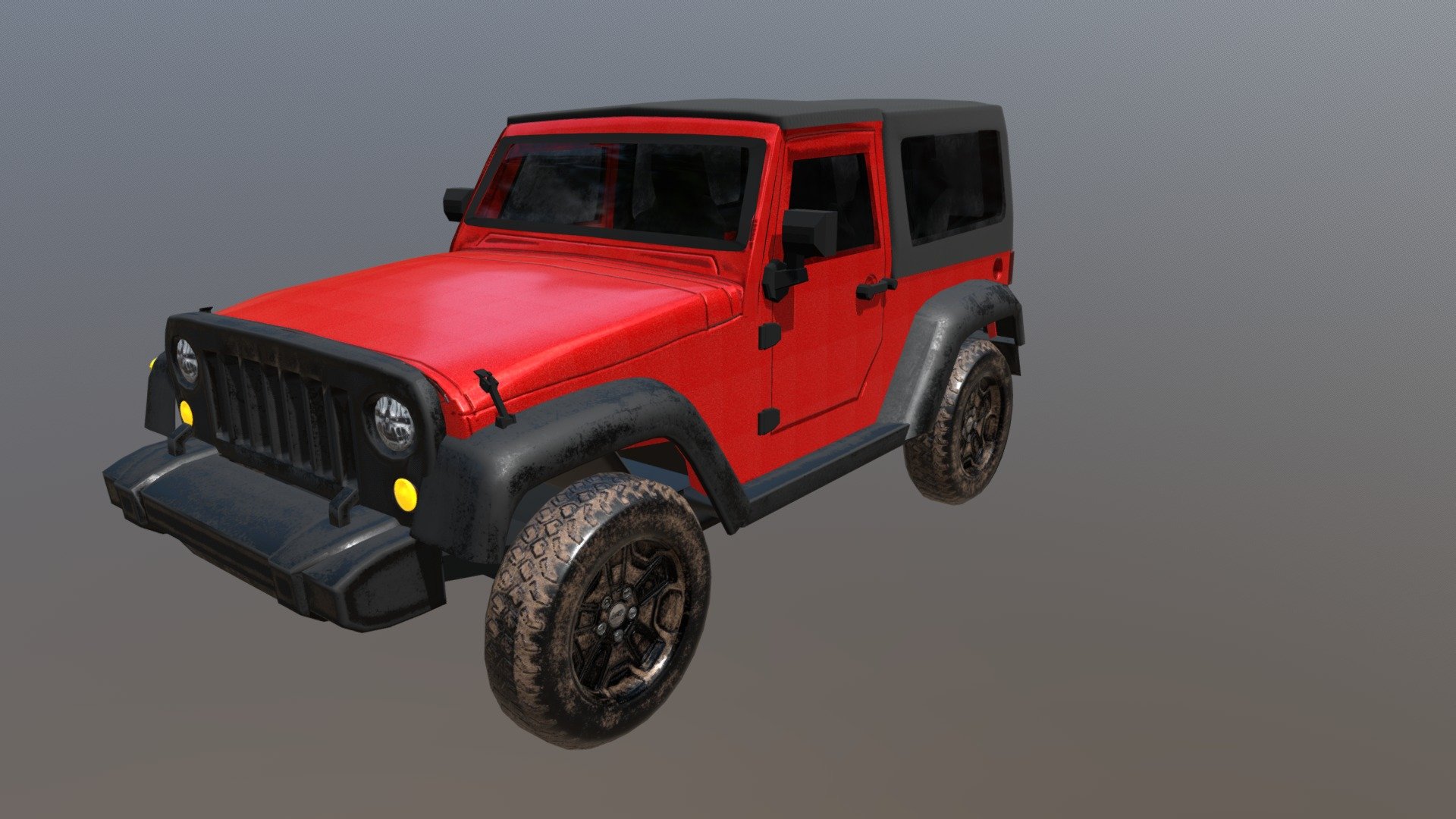Jeep Rubicon Download Free 3D model by Armawiz (Armawiz) [178f224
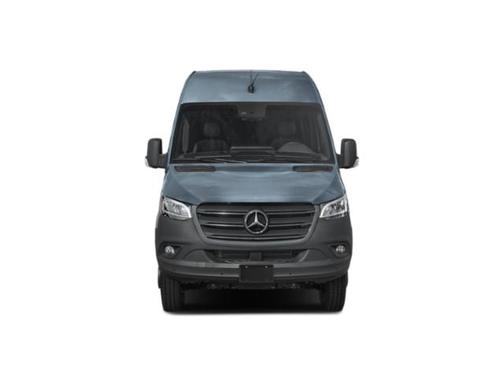 Obsidian Black Metallic 2023 Mercedes-Benz Sprinter 3500XD High Roof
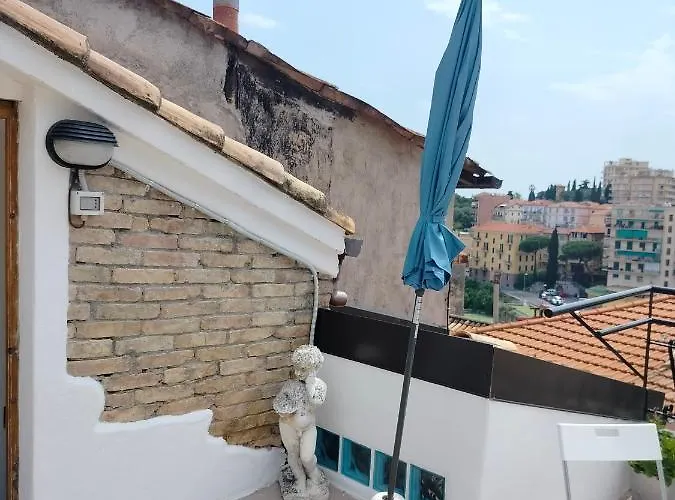 Appartement Attico Romantico Con Terrazza - Palm Street, 104 - Free Wifi San Remo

Task to complete: From the first line of the material to the last, retype everything exactly except the images.

Solution below:
Jeep Rubicon Download Free 3D model by Armawiz (Armawiz) [178f224
 Obsidian Black Metallic 2023 Mercedes-Benz Sprinter 3500XD High Roof
 Appartement Attico Romantico Con Terrazza - Palm Street, 104 - Free Wifi San Remo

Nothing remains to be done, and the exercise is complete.